◆ **BRIEF**:
Please copy the last part of the entries exactly: the line that has "Καλάθι Απλύτων 29-2557-163" and every line up to and including the end, nothing more.

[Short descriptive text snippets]
------------------------------------------------------------------------

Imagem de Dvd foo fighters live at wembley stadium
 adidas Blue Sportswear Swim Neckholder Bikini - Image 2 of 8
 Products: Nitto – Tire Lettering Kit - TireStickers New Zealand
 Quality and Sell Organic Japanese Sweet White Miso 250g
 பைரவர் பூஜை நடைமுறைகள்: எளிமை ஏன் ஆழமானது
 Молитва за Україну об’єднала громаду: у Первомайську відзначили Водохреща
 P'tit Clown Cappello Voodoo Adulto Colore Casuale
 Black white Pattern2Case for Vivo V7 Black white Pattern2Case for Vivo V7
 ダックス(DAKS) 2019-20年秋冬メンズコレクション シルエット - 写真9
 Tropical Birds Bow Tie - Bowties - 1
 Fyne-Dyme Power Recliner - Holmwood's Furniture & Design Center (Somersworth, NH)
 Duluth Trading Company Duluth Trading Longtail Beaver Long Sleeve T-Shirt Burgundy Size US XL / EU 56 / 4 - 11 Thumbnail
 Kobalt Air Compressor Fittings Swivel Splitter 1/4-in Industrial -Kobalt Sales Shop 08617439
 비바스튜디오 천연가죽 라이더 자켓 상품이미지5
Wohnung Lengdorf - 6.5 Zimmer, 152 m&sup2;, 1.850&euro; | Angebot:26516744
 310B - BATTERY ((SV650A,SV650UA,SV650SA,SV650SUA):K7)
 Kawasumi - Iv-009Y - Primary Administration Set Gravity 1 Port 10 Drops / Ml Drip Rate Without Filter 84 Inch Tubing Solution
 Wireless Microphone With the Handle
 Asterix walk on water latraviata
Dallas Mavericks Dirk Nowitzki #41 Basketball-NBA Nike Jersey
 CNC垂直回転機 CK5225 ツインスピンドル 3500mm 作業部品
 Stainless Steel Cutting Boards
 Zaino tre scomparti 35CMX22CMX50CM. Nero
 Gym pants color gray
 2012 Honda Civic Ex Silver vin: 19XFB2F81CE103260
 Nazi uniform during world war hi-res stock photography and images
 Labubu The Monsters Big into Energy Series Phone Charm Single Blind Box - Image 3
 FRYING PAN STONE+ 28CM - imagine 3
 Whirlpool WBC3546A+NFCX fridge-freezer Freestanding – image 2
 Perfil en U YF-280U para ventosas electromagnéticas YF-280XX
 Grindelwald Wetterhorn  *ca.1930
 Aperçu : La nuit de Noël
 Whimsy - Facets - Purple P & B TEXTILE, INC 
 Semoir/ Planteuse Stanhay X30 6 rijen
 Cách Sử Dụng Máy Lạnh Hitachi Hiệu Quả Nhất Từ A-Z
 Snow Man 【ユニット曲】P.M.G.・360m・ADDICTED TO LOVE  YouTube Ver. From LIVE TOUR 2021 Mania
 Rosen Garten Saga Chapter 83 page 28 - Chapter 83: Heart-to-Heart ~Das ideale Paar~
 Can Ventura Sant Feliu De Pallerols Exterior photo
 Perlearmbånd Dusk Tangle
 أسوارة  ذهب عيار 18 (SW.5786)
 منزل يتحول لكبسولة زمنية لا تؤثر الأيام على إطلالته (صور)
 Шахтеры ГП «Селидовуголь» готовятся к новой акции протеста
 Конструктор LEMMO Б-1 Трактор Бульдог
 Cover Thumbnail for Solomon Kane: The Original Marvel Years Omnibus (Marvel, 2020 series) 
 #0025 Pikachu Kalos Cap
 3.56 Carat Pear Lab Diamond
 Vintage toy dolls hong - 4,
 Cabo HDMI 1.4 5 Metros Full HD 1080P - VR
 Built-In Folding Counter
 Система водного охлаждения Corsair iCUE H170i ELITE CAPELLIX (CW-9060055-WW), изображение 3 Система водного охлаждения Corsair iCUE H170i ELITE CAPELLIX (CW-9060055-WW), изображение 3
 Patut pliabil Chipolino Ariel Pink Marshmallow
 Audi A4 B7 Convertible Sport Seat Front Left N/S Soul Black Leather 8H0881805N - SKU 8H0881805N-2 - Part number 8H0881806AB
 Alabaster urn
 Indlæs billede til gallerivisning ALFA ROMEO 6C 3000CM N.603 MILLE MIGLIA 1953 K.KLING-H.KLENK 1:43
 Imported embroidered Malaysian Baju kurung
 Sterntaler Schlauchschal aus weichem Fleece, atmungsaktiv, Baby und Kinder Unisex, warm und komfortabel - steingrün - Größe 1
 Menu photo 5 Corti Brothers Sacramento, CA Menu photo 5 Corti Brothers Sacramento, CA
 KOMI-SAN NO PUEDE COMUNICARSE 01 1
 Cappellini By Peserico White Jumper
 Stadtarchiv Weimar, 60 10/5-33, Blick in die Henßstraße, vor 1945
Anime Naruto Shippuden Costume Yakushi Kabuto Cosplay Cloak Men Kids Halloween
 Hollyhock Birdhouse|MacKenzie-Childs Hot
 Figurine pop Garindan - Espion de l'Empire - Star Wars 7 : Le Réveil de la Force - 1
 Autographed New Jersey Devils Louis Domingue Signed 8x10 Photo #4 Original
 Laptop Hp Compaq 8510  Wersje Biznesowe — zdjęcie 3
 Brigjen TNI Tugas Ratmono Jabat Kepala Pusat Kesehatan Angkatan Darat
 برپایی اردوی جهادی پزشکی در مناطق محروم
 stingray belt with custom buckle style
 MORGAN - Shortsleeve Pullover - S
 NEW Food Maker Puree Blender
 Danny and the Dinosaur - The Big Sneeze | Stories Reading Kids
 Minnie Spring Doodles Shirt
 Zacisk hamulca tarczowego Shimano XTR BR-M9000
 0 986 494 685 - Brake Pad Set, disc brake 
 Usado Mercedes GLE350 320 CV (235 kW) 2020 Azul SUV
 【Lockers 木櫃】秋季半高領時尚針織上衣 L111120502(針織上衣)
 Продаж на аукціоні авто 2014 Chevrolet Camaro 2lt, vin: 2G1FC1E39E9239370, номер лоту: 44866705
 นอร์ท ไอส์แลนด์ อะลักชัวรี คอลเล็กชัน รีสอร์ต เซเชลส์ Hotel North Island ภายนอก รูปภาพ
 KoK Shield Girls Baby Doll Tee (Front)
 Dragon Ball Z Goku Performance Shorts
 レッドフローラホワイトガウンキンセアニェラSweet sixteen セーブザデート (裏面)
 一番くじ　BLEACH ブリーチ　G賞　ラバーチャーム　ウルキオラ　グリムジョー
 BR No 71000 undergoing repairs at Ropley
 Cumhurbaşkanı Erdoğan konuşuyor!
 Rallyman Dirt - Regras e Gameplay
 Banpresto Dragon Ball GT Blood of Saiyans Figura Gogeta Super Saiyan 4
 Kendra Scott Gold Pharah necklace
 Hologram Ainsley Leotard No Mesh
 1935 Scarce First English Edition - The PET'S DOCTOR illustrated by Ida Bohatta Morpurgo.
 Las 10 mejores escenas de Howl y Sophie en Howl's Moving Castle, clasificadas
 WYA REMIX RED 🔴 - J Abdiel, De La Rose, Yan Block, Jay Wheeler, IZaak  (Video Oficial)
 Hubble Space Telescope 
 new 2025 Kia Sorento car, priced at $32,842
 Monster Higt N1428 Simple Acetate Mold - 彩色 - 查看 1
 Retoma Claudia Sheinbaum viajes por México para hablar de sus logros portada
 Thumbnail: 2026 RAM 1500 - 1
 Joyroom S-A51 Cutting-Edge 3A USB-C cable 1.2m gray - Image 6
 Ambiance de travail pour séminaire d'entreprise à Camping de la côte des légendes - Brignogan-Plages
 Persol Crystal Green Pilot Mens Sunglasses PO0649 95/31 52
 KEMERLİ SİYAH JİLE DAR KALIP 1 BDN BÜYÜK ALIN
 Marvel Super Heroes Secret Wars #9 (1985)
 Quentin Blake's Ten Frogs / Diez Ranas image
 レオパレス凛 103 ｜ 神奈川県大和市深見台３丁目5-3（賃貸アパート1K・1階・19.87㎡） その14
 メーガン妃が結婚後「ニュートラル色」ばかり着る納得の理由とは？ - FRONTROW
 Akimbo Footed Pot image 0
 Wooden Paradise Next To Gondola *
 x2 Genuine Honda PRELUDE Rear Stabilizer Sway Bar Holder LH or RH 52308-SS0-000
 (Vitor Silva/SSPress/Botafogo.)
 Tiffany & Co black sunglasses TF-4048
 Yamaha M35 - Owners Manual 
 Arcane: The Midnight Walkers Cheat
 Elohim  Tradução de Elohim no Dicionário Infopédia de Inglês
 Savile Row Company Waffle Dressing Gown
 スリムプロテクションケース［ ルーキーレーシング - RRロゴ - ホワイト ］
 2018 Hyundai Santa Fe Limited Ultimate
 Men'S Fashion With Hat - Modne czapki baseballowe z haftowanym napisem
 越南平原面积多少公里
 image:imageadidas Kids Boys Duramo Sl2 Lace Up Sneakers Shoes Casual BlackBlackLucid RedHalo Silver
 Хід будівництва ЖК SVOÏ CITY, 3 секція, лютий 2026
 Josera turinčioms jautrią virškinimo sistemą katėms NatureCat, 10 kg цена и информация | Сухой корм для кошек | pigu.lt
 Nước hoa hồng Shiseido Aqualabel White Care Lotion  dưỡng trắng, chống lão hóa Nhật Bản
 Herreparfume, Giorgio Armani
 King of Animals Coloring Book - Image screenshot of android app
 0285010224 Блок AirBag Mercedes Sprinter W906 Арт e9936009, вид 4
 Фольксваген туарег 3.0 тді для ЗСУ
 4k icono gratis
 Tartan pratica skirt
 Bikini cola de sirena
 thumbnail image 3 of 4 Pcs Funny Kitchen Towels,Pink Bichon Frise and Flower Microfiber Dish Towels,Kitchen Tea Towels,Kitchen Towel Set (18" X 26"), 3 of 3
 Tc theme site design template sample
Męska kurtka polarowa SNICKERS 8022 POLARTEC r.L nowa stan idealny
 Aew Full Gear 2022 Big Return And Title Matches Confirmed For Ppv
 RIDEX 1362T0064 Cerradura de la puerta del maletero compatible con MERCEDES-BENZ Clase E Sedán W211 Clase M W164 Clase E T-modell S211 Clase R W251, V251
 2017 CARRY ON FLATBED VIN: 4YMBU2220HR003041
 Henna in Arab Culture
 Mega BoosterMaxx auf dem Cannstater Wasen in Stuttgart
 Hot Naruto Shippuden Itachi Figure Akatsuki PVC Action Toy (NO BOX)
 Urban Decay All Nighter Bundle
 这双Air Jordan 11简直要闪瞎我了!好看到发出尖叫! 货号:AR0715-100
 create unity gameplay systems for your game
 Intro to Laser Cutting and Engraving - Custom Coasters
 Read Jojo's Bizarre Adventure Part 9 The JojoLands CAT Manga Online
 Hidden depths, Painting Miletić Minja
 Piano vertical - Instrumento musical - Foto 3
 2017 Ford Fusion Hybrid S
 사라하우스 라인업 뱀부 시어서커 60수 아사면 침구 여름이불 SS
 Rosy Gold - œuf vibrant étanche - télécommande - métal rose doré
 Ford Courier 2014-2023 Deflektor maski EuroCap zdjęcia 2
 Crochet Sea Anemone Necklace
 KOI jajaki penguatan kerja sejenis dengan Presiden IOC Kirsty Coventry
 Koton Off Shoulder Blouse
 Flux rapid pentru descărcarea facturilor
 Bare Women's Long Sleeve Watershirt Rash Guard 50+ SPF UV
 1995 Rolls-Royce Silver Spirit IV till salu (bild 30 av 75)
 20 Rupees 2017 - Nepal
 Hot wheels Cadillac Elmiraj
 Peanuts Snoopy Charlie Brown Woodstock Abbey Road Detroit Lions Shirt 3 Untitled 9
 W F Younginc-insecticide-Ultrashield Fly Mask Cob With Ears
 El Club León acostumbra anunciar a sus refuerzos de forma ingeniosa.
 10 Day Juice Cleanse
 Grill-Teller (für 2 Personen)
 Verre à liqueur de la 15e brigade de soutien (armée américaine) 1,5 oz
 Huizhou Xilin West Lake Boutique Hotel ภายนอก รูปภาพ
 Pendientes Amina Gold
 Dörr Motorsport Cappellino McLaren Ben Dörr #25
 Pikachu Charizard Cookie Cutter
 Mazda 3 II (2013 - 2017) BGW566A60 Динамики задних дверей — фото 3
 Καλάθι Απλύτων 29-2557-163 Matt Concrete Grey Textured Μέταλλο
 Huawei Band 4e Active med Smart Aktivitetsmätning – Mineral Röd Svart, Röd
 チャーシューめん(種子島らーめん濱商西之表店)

------------------------------------------------------------------------

◆ **RESPONSE TO THE EXERCISE**:
 Καλάθι Απλύτων 29-2557-163 Matt Concrete Grey Textured Μέταλλο
 Huawei Band 4e Active med Smart Aktivitetsmätning – Mineral Röd Svart, Röd
 チャーシューめん(種子島らーめん濱商西之表店)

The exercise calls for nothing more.